In normal years, a candidate has to secure a legislated number of signatures on a petition to be on the ballot, with the number of signatures depending on the office and whether the race is a primary or general election. The more local the office and the fewer the voters, the lower the number of signatures requirement, but all in ink and signed by a witness. This year, the petitioning period for the primary had been scheduled for February 25 through March 31; for the general election, it was scheduled for April 14 through May 26. On March 13, Governor Cuomo, however, issued an Executive Order that shortened the primary petitioning period, ending it on March 17, also lowering the number of required signatures by 70%. For example, Congressional candidates who normally need 1250 signatures had to collect 375. But on March 31, because of the Covid-19 crisis, the Governor issued another Executive Order suspending general election petitioning, taking away any path to the general election ballot for independent candidates.

On the morning he issued his first Executive Order, the Governor encouraged New Yorkers to stay inside. That is, unless they were collecting signatures for election petitions. From March 13 through March 17, people were put at risk, and possibly contracted Covid-19, but only because of a commitment to the arcane practice or requiring written signatures. While the first order has its own Constitutional problems, the second one unabashedly disenfranchises the 25% of New Yorkers who identify as independent voters. This cannot stand, but unless someone files a legal action, it will.

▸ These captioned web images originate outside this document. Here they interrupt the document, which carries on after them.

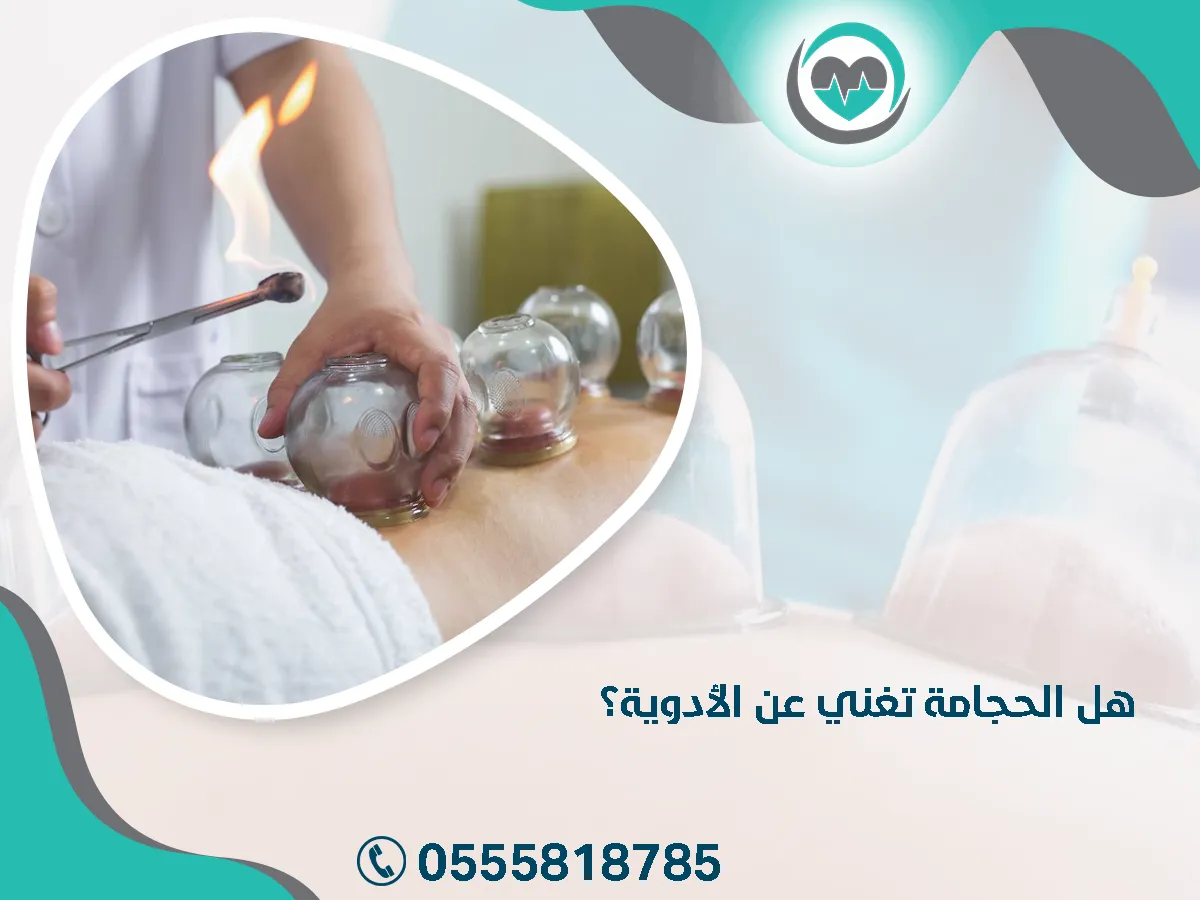 الحجامة تغني عن الأدوية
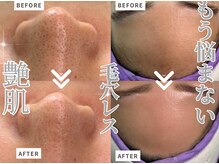 アンシャンテ(Anchant)/【お鼻の黒ずみ、実は産毛！】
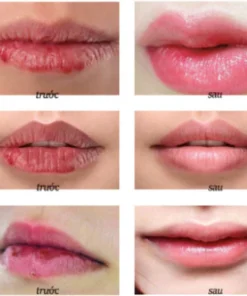 Kem bôi môi hạt FORDYCE SUMIFUN ITALY - dưỡng môi SUMIFUN ITALY cứu tinh cho đôi môi bị FORDYCE 13 sumi6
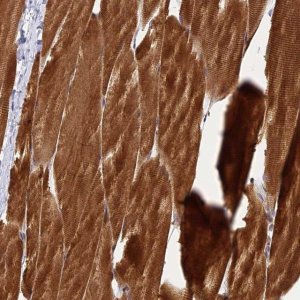 Anti-PIKFYVE antibody produced in rabbit 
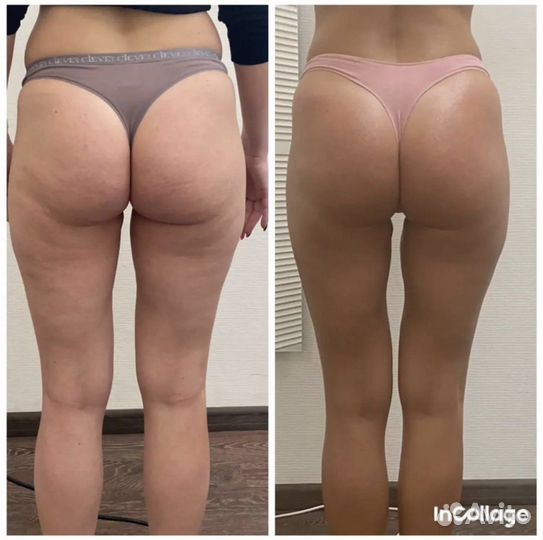 Vela Shape/Коррекция фигуры/rfлифтинг/узкавитация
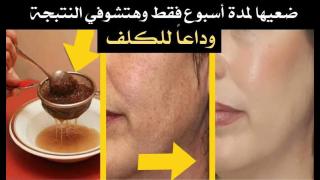 لن تعاني من بقع الكلف مرة أخرى هنا تجدين الحل النهائي لها وكأنها لم تكن يوما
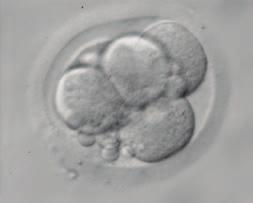 We discuss experimental results on a dataset of 40 embryo images, and expand on the advantages and drawbacks of our method while comparing our method to other approaches.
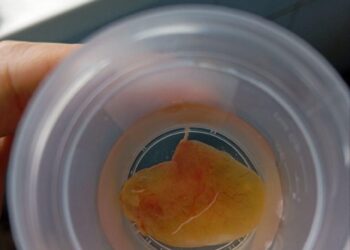 Гриб в носу: жительница Подмосковья два года не могла дышать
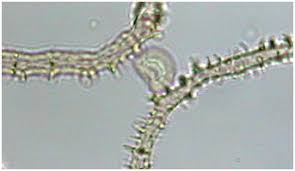 Attēlu rezultāti vaicājumam “Arcyria affinis spores”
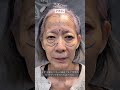 母親と同じように全部顔を出していただく全顔モニター様★60代女性、切開式たるみ取りフルコース：切開リフト、前額リフト、クマ取り、眉下切開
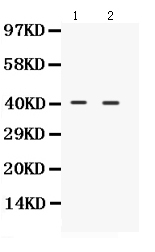 Western blot analysis of NDRG2 using anti-NDRG2 antibody (PB9672).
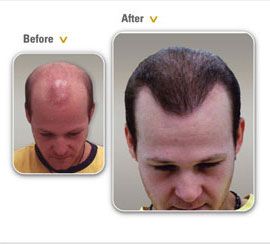 hair photo:herbal hair loss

Perhaps the Governor is motivated by the petty politics of New York State. The State and local party committees have a near stranglehold on party nominations, often rendering primaries moot. This stranglehold is powered by one thing: the deadly petitioning process. When an outsider tries to get on the primary ballot, the local committees challenge every part of the petition and every signature. Political considerations should not factor into the Governor’s decisions.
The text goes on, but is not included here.